Often thought of as one of the worst athletes on a football field, the punters of the National Football League today have changed that perception quite a bit. The size of punters has increased dramatically over the years and the very style in which they ply their trade has changed drastically as well.
The Pittsburgh Steelers have a battle on their hands for the position this summer as training camp opens on Friday.
In one corner you have second-year punter Drew Butler who was the Steelers regular punter all of last season as a rookie. Butler ranked 26th in the league last year with an average of 43.8 yards per kick. He was tied for 18th in the NFL in punts placed inside the 20 yard line with 26. Opponents returned Butler’s punt for an average of about 10 yards per return which ranked him in the middle of the pack.

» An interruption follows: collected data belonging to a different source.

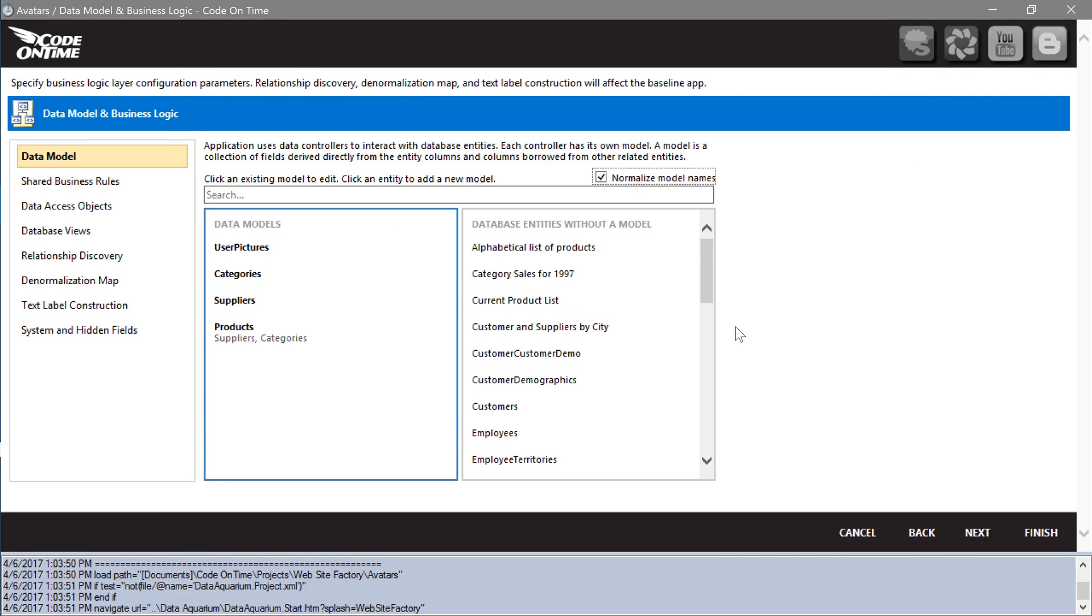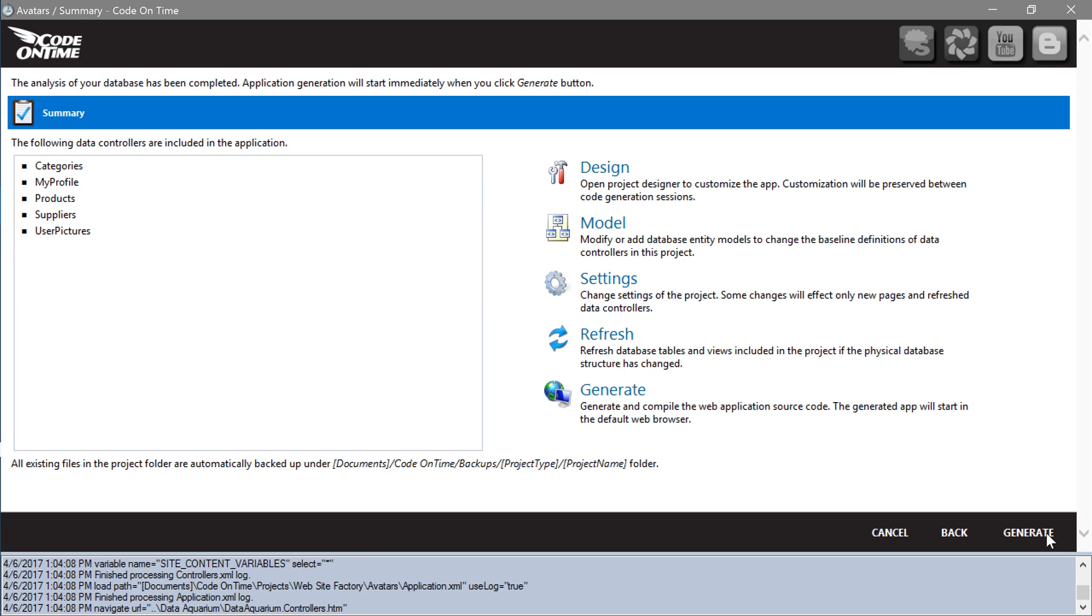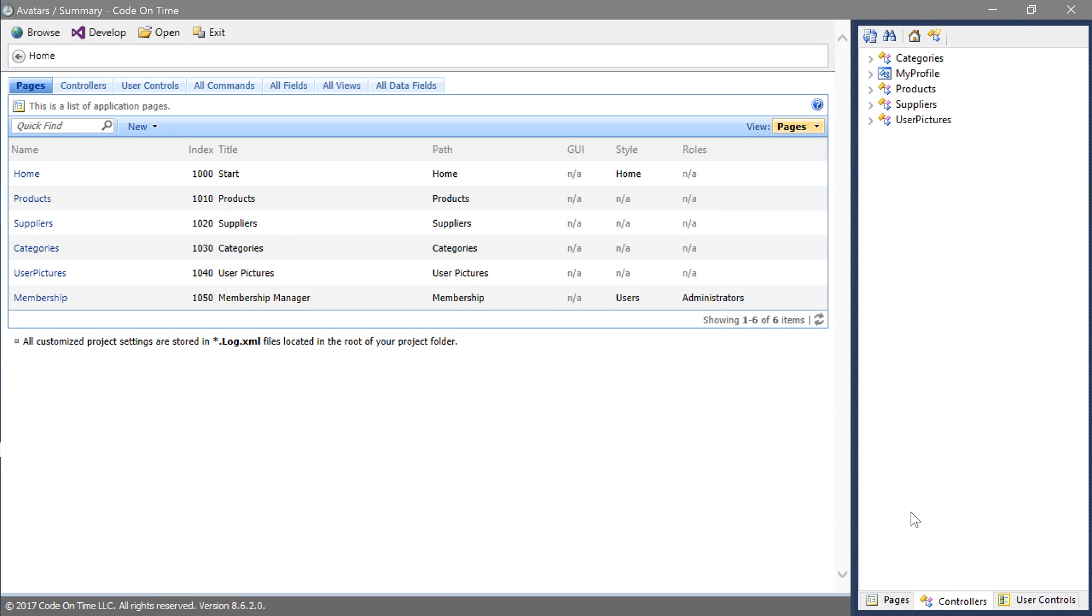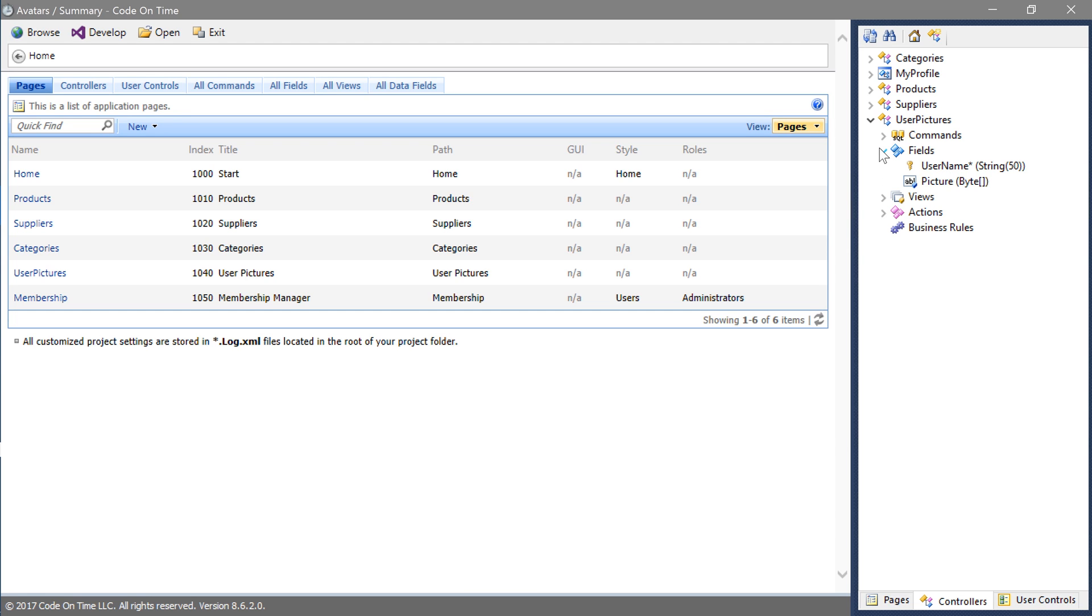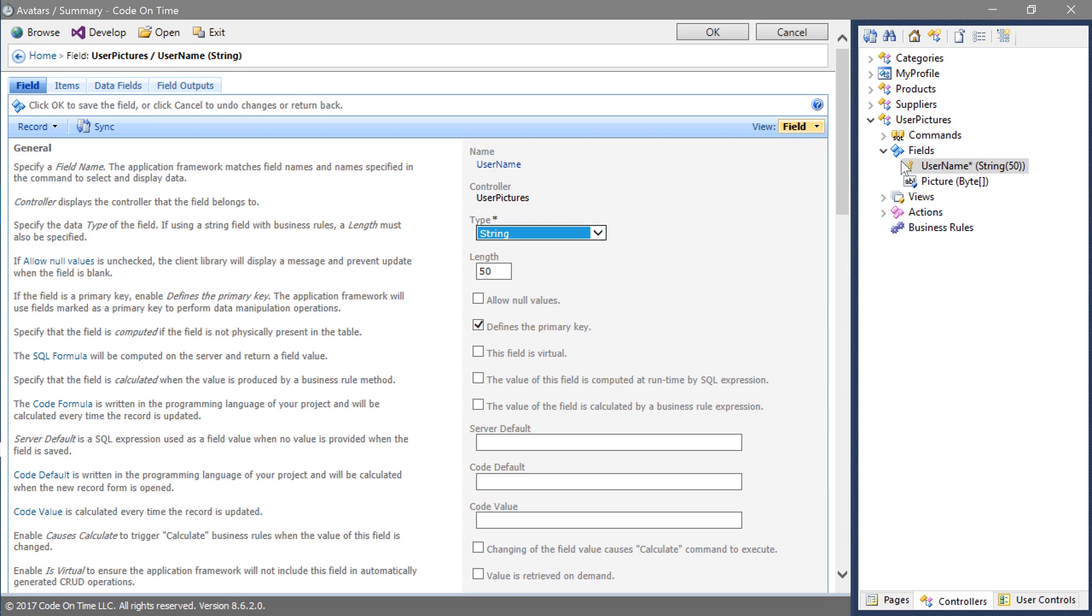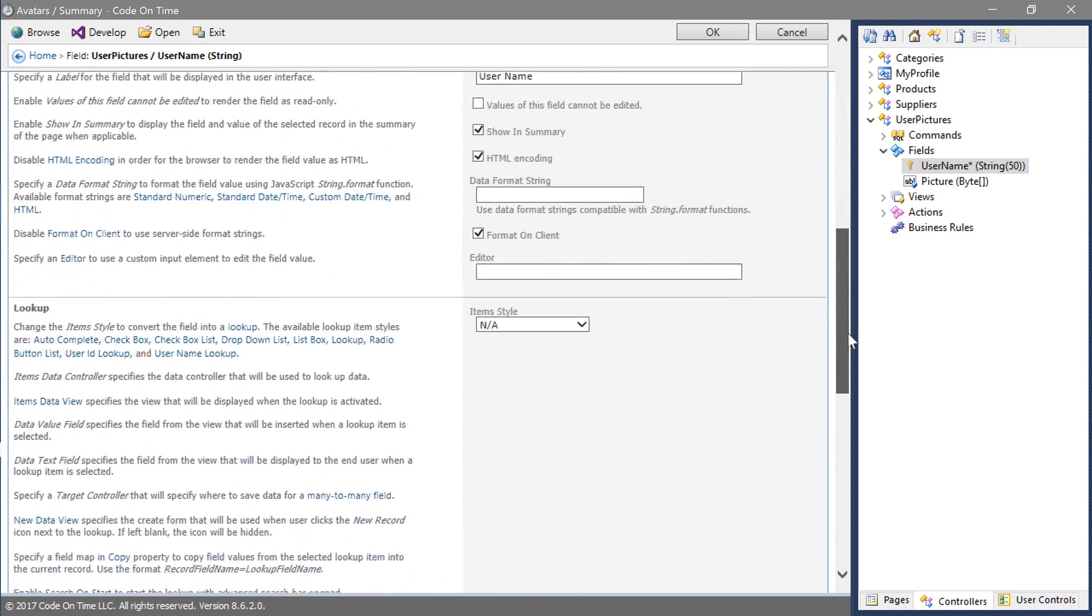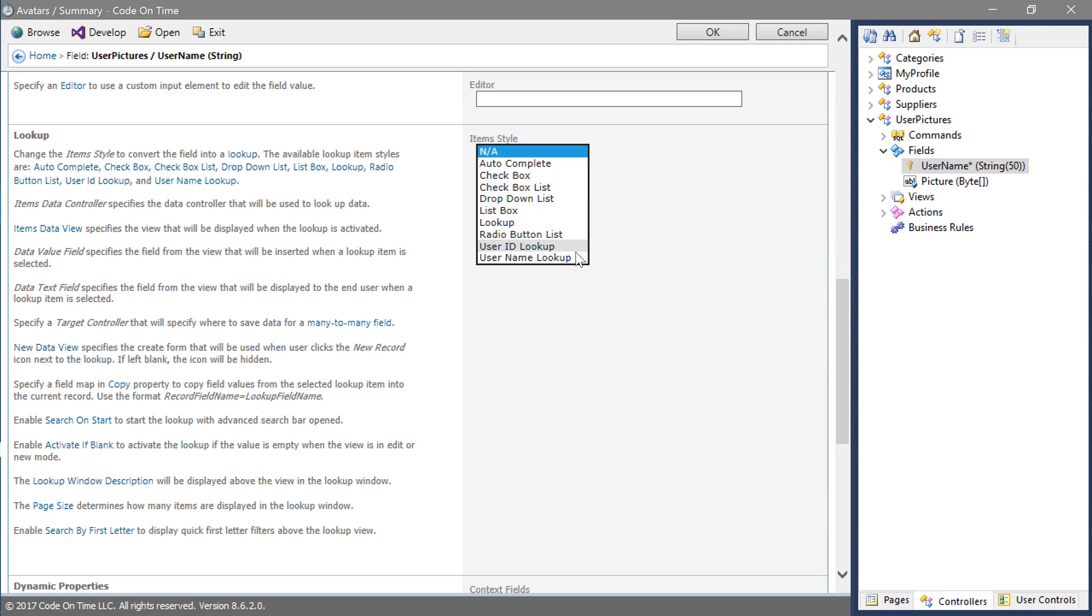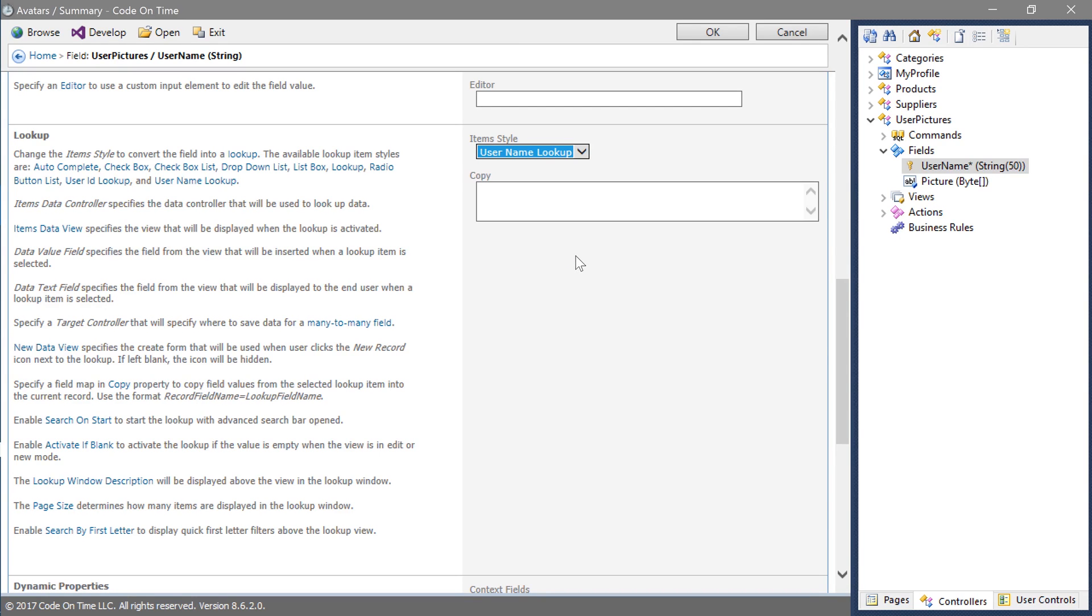We will need to mark the username field in the user pictures controller as a username lookup. Press finish and open the project designer by pressing design. In the project explorer, switch to the controllers tab. Expand the user pictures controller. Expand the fields node and double click on the username field. Set the item style to username lookup and save the field.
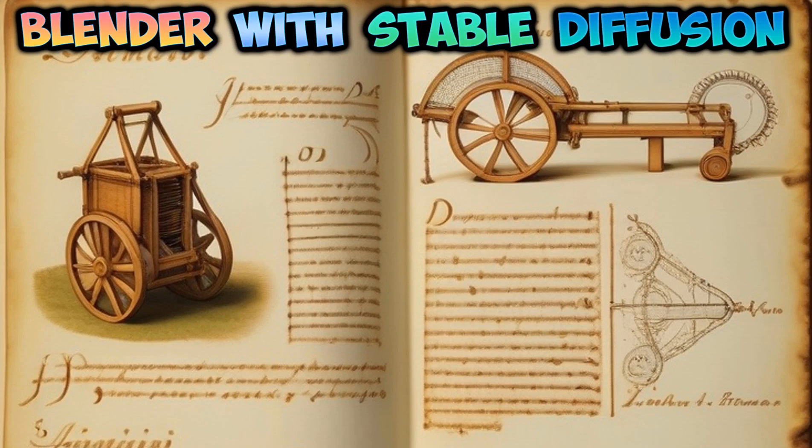In this tutorial, I'll show you how to create this image by using Blender and Stable Diffusion XL.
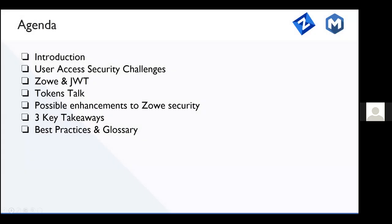In the next 25 minutes, Pavlin and I will show you the implementation of JWTs in Zoe, how the client side can use them today, and what the configuration options are. We'll take a look at the JWT artifact in detail, then go broader with tokens outside of the mainframe spectrum — refresh tokens, access tokens, identity tokens — covering their formats, functions, and possible enhancements to Zoe. We'll highlight three major takeaways and provide some best practices and a glossary of terms.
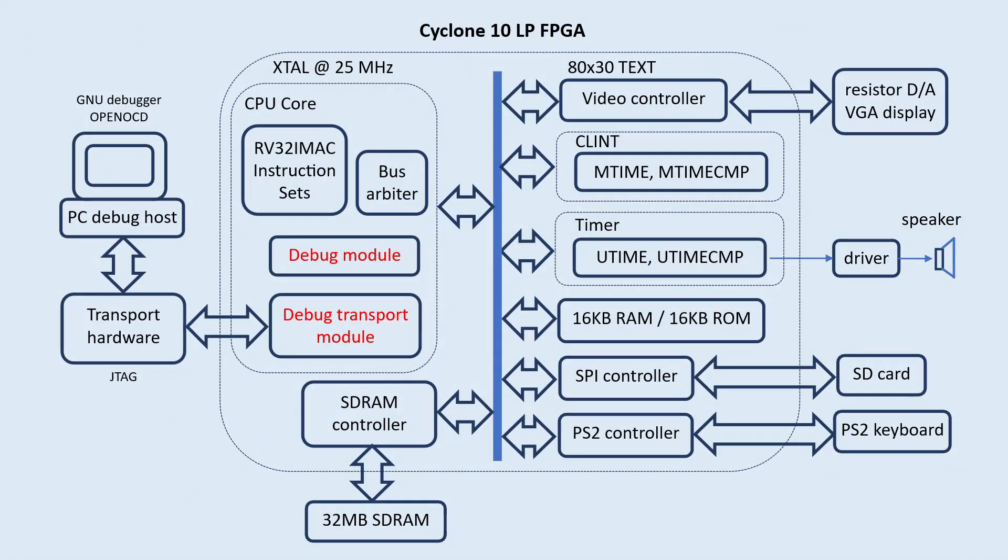So this is what I've added for this update. Starting with a debug host PC, I have GNU debugger and OpenOCD as the software debug tool. Then I have this transport hardware, in this case, a JTAG interface that talks to the debug transport module inside the RISC-V core top. Both the debug transport module and the debug module make over 95% of the overall debug functions for the RISC-V core.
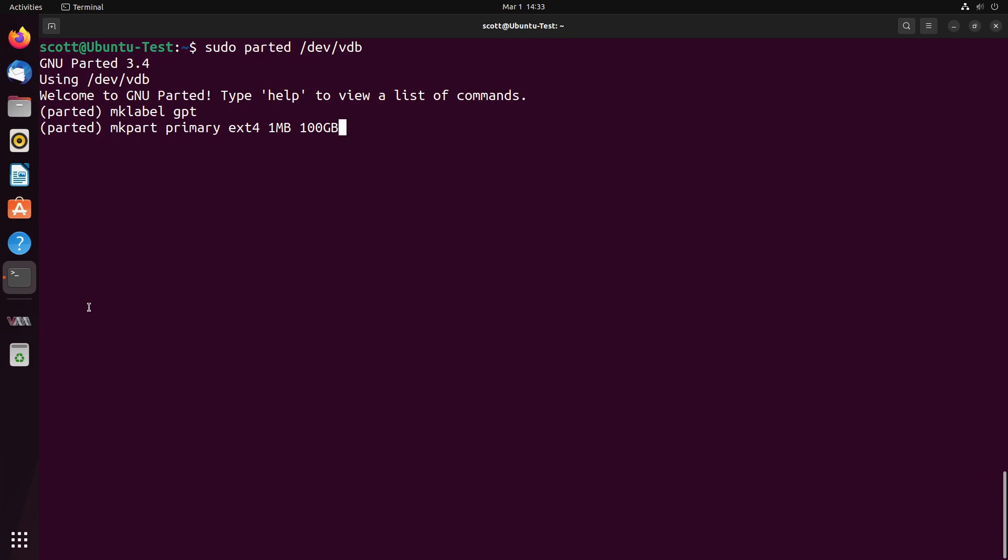For simplicity here, since I know my drive is 100 gigabytes, I'm going to say make a partition, which will be a primary partition formatted to ext4, and it will be a 100-gigabyte partition with 1 megabyte blocks. Next, we're going to quit the parted program with the quit command.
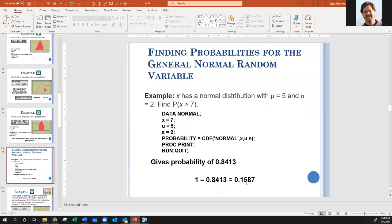With the normal curve, there's no adjustment needed like with the binomial. If we wanted strictly greater than seven in a binomial, we'd run CDF on six to get everything zero through six, then subtract from one. With the normal curve, we don't have to worry about those adjustments because equals is always zero anyway.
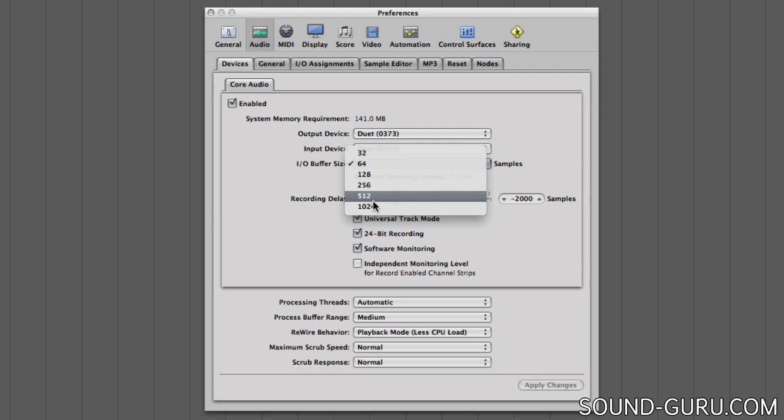So to minimize this effect, it's a good idea to use the smallest buffer size that you can. Unfortunately, smaller buffer sizes mean a greater CPU load for your computer, because the computer has to process and deal with more packets of data.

In the other corner is veteran Brian Moorman who punted for Buffalo and Dallas last season. His career average is 44.0 yards per punt. Moorman finished last year averaging one full yard more in distance than Butler at 44.8 yards per kick which ranked him 23rd. Moorman also ranked 20th in the NFL in punts inside the twenty with 24 or, just two less than Butler.
The big difference between the two besides age and experience of course is in opponents’ return yards. Butler’s punts resulted in an average return of 10 yards as I pointed out earlier. Moorman’s punts last season were returned for an average of 13.4 yards per return which ranked second and this is a stat you’d rather be at the bottom.
Entering camp, the Steelers feel like Moorman can do a better job of positional/directional punting than Butler can. If that doesn’t sound important to you, then you don’t understand punting and special teams. Being able to punt the ball left or right is vital to limiting great returners from having too much of the field to work with as they bring the ball up field.
Butler struggled at times with this last season but by no means was terrible. It’s just that the every yard counts in the NFL especially with place-kickers routinely banging in field goals from 50+ yards. Field position becomes more crucial than ever even when you’re just talking about a few yards here and there.
I really think this is a toe-to-toe battle, pardon the pun, with both guys having a good shot at grabbing the position. For the kicking geeks like myself who enjoy these types of battles, this should be a good one throughout training camp.